# Lyft is DEAD in New Jersey



## Suberman (Dec 17, 2014)

Months back I signed up for Lyft. I left the application on and had quite a few fake calls. One call spirited me out to an area and than got a cancel. Another call was a joke with some angry drunk woman calling me. I never got any legit calls so I turned it off. 

Just the other day I turned it back on to get nothing. I looked on the Lyft driver map and there very few drivers out there. 

I remember the mentor telling me he was making bank with Lyft in NJ, but I have a completely different experience. Absolutely nothing. On the other hand, Uber keeps me busy with calls. I got 10 Uber fares yesterday from working it part time. All were legit, no joke.


----------



## puber (Aug 31, 2014)

All your posts show how you can't get enough of uber's fluids down your digestive tract and how lyft sucks ass.

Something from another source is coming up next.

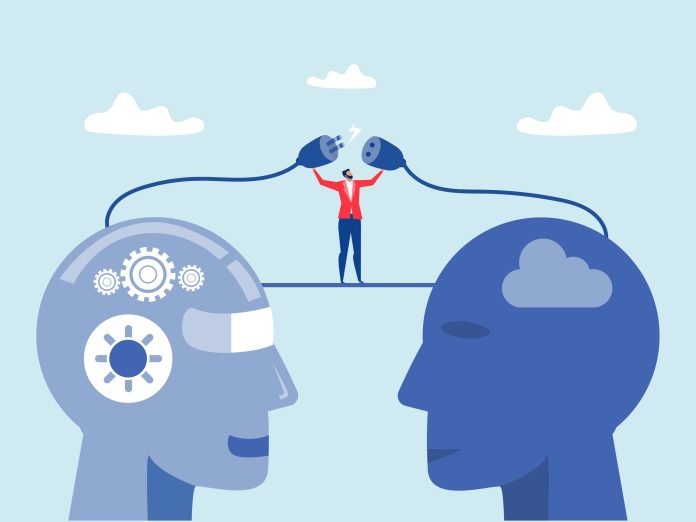 Businessman,And,Robot,Connecting,Plugs,,Human,Ai,Collaboration,working,Together,,Cooperation,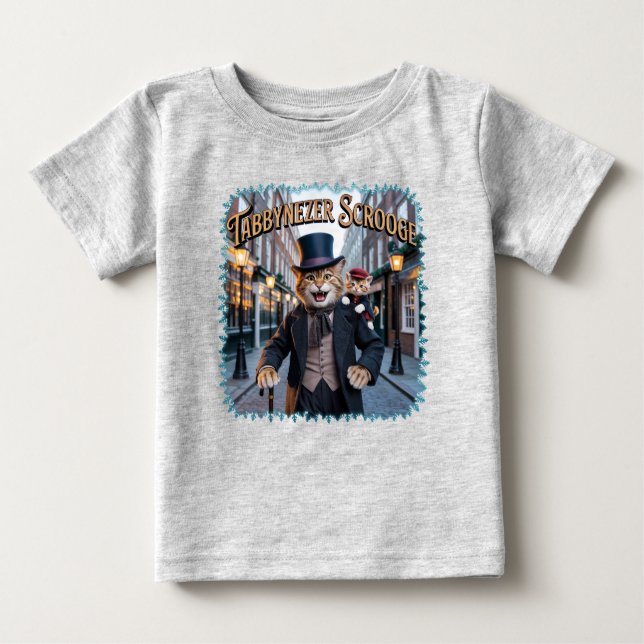 Tabbynezer Scrooge Illustration – Tabby Scrooge Baby T-shirt (Vorderseite)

Did you fail mentor ride or are you an uber guerrilla PR desk monkey from an Indian call center?


----------



## UberBlackPr1nce (Dec 28, 2014)

Suberman said:


> Months back I signed up for Lyft. I left the application on and had quite a few fake calls. One call spirited me out to an area and than got a cancel. Another call was a joke with some angry drunk woman calling me. I never got any legit calls so I turned it off.
> 
> Just the other day I turned it back on to get nothing. I looked on the Lyft driver map and there very few drivers out there.
> 
> I remember the mentor telling me he was making bank with Lyft in NJ, but I have a completely different experience. Absolutely nothing. On the other hand, Uber keeps me busy with calls. I got 10 Uber fares yesterday from working it part time. All were legit, no joke.


Well you helped uber to kill of lyft driving uber cheap rates. You effectively killed off your only way off the Uber tit.


----------